L’industrie automobile européenne franchit une nouvelle étape dans l’électrification avec l’engagement de Stellantis pour une nouvelle génération de véhicules électriques. Comme le rapporte Le Monde, le constructeur a annoncé un investissement de plus d’un milliard d’euros sur son site de Mulhouse, dans l’est de la France. Cette décision a été révélée par le président français Emmanuel Macron lors d’une intervention au palais présidentiel le mardi 26 mai, ce qui souligne l’importance stratégique de l’opération pour la France.
Mulhouse : un nouveau souffle
Le site de Mulhouse, qui emploie actuellement environ 4 000 salariés, est l’un des cinq sites français de Stellantis. Jusqu’à présent, il n’avait pas obtenu l’attribution d’un nouveau modèle, contrairement à d’autres sites comme Sochaux. Les salariés, qui produisent aujourd’hui les Peugeot 308, Peugeot 408 et temporairement DS 7, avaient exprimé des inquiétudes pour l’avenir du site, surtout après que la production annuelle soit tombée à environ 135 000 véhicules, contre 200 000 avant la pandémie.
Cette annonce reconnaît les efforts des salariés pour maintenir la compétitivité de Mulhouse et ouvre la possibilité d’un retour à une pleine capacité opérationnelle. Le responsable syndical Laurent Gautherat a rappelé que la production n’avait jamais retrouvé ses niveaux pré-Covid et que le site tournait à demi-cadence.
Lors de l’annonce, Macron a souligné : « C’est un véritable avenir industriel que nous offrons à ce site de Mulhouse ». Les changements prévus incluent la mise en place d’une ligne de montage adaptée aux véhicules électriques et des investissements en amont, notamment dans les ateliers de peinture et de ferrage.
Répercussions pour l’économie et l’industrie
Cette initiative arrive au moment où la France veut renforcer sa place sur le marché des véhicules électriques, mettant en avant l’importance de la production locale. Macron a encouragé les entreprises à accélérer « l’électrification » des usages, précisant que cet investissement permettra d’aborder « avec confiance la compétitivité européenne ».
L’annonce a aussi des répercussions pour l’économie locale. Le président de M2A, Fabian Jordan, a salué cette perspective comme étant « formidable pour le territoire ». Le maire de Mulhouse, Frédéric Marquet, a évoqué un « vent positif » pour la région. On voit là que cet investissement dépasse le strict cadre industriel et doit bénéficier au tissu économique régional et national.
Qui fait quoi dans le secteur
Stellantis, sous la direction de Antonio Filosa, a récemment dévoilé une stratégie de niche comprenant 60 nouveaux lancements et 60 milliards d’euros d’investissements sur cinq ans.
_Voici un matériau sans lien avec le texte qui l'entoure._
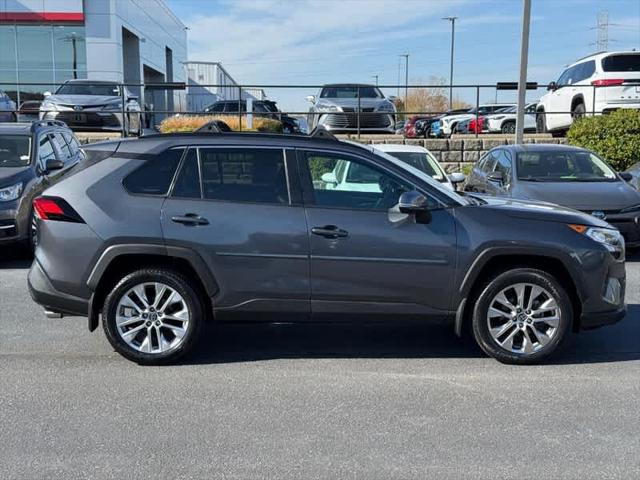 2021 Toyota RAV4 XLE Premium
La décision concernant Mulhouse s’inscrit dans cette stratégie, où les entreprises doivent d’abord consulter les partenaires sociaux avant toute annonce officielle. Ronald Laventin de la CFDT a qualifié le milliard d’euros destiné à Mulhouse d’« énorme » pour un site français, estimant que cet apport garantit une longue durée de vie au site.
Les partenaires sociaux, représentés par les syndicats CFE-CGC et CFDT, jouent un rôle déterminant dans ce processus, en veillant au respect des défis économiques et procédurales. Toute infraction à ces obligations, comme le fait de ne pas informer le comité social et économique (CSE), constituerait un « délit d’entrave ».